Samuel Weber - Biography
Samuel Weber, Ph.D., (b. in New York) is Paul de Man Chair at the European Graduate School EGS, the Avalon Professor of Humanities at Northwestern University, and one of the leading American thinkers across the disciplines of literary theory, philosophy, and psychoanalysis. Samuel Weber has been Professor of English and Comparative Literature at the University of California, Los Angeles, and Director of its Paris Program in Critical Theory.
Samuel Weber graduated from Cornell University in 1960, and he then pursued his graduate education in Europe, primarily in Germany. It was during his studies abroad that he first encountered the work of the Frankfurt School of critical theory. He was strongly influenced by the work of Theodor W. Adorno, eventually coming to translate his major work of critical theory – Prisms – into English. This translation, including an introduction by Samuel Weber, was of crucial importance in the reception of the work of Theodor W. Adorno in the Anglophone world.
Samuel Weber is not only distinguished for having introduced major elements of the Frankfurt School to English speakers; he also brought the Bhaktin circle and deconstruction to the attention of many in America, both through his work as co-founder and editor of the journal Glyph and his scholarly translations of original texts.
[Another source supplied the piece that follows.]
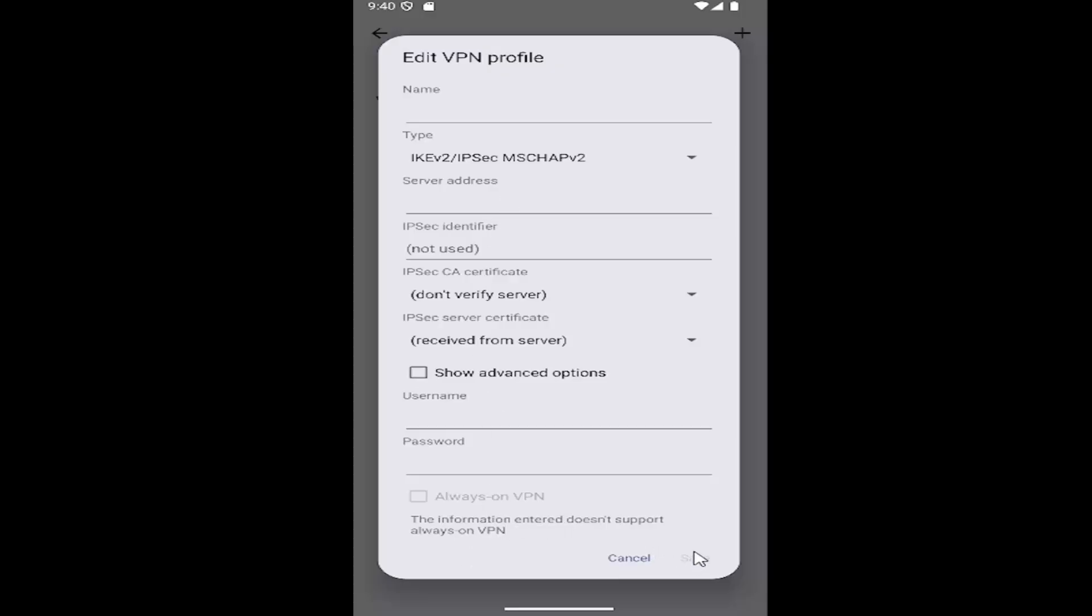And then you would select Save to go ahead and connect to it. You may also want to check Always On VPN if you always want to default to the VPN network.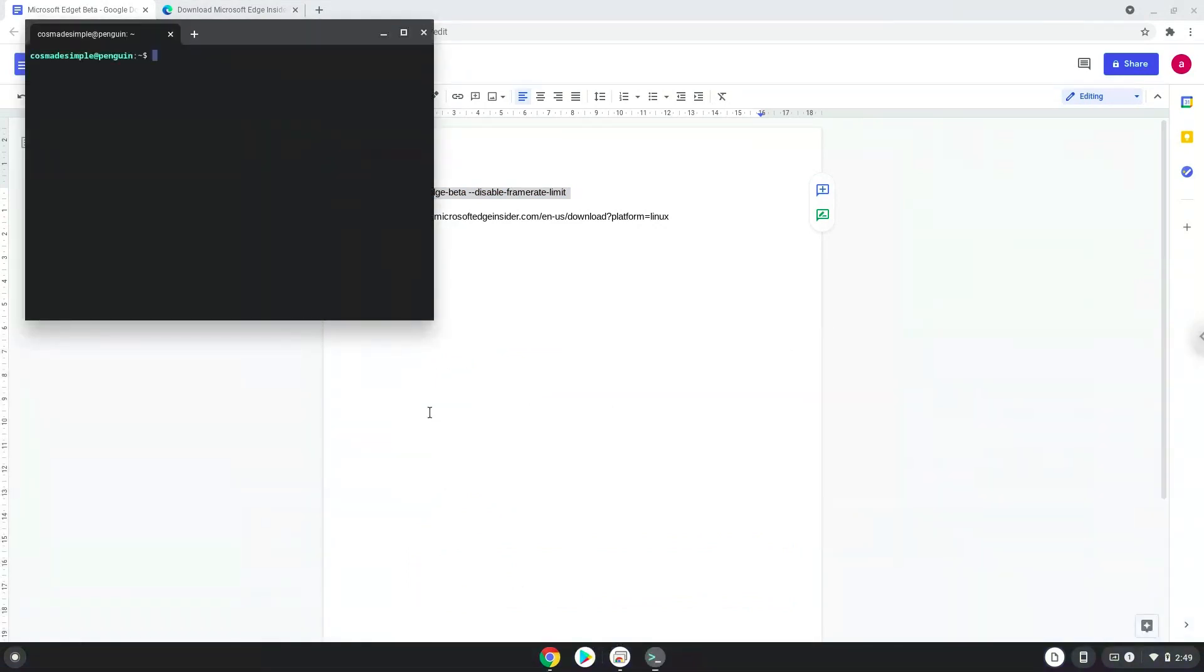Next, we will paste the command into our terminal either with a two-finger click on your terminal or click Ctrl, Shift, and V together. This command will launch the browser.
In addition to Adorno, Samuel Weber also translated Jacques Derrida's 'Signature Event Context' (1977) and 'Limited, Inc.' (1988). Samuel Weber was trained under Paul de Man. Not being limited to the sphere of academia, Samuel Weber also served as a dramaturge to German opera houses and theaters in Frankfurt, Stuttgart, Düsseldorf, and Ludwigsburg during the 1980s.
His book Return to Freud: Jacques Lacan's Dislocation of Psychoanalysis (1978, 1991), originally written in German, has been groundbreaking in the fields of psychoanalysis and literary theory. Several of his books are being brought out by Beijing University Press in Chinese translation. Samuel Weber was visiting professor at many universities in France and Germany, and taught at the Collège International de Philosophie in Paris and the Free University of Berlin. In the United States, he taught at UCLA and Johns Hopkins University.
A few of the books which Samuel Weber has published: Unwrapping Balzac (1979); Mass Mediaurus: Form, Technics, Media (1996); The Legend of Freud (2000); Institution and Interpretation (2001); Theatricality as Medium (2004); Targets of Opportunity: On the Militarization of Thinking (2005); and Acts of Reading (2006).

Samuel Weber is a professor of philosophy and literature at the European Graduate School in Saas-Fee, Switzerland, where he teaches an Intensive Summer Seminar.